# Data shown
=== Begin Enclosure ===

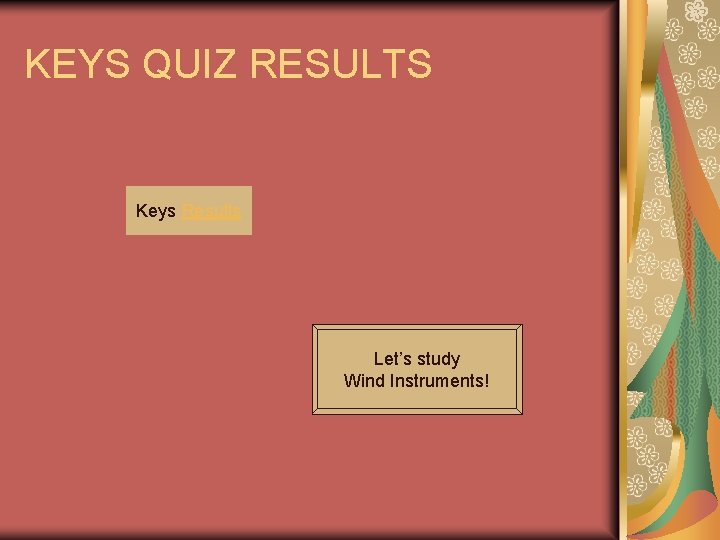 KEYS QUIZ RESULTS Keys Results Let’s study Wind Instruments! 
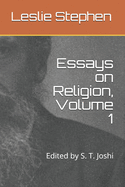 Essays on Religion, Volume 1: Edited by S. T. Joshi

=== End Enclosure ===
=== Begin Enclosure ===

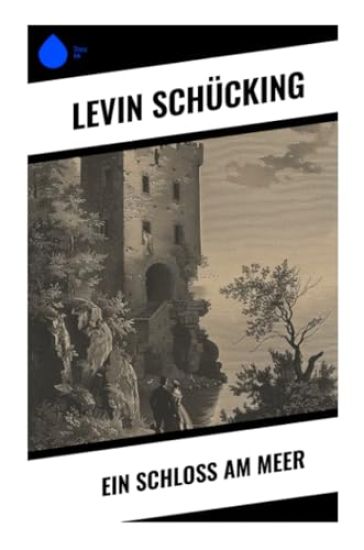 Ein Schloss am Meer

=== End Enclosure ===
=== Begin Enclosure ===

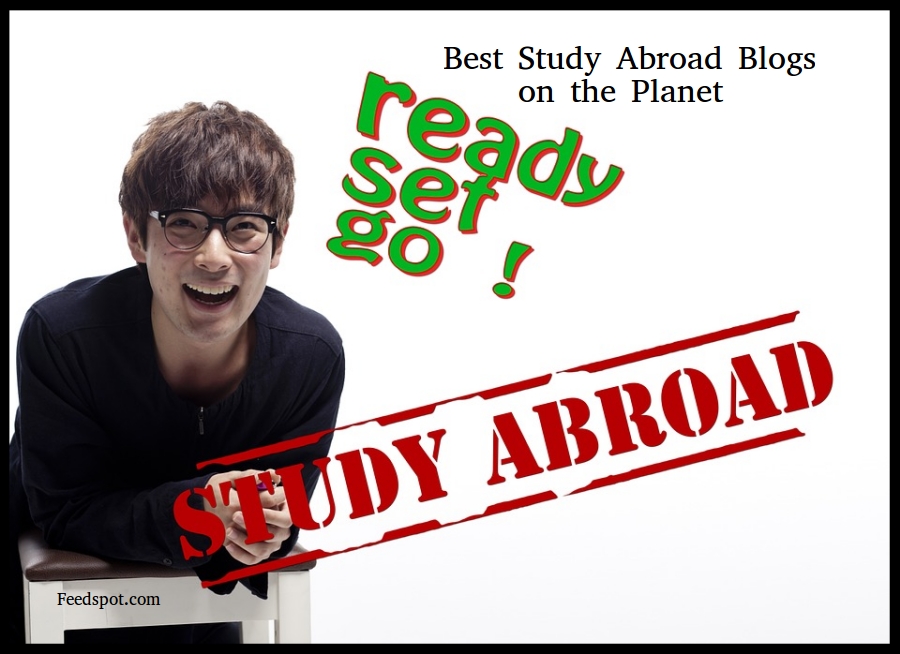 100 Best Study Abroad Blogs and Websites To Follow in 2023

=== End Enclosure ===

# Task requirements
Among the lines above, the one with "KEYS QUIZ RESULTS" opens the part to repeat and the one with "Essays on Religion, Volume" closes it; repeat only that part exactly, with no pictures.

# Answer area
 KEYS QUIZ RESULTS Keys Results Let’s study Wind Instruments! 
 Essays on Religion, Volume 1: Edited by S. T. Joshi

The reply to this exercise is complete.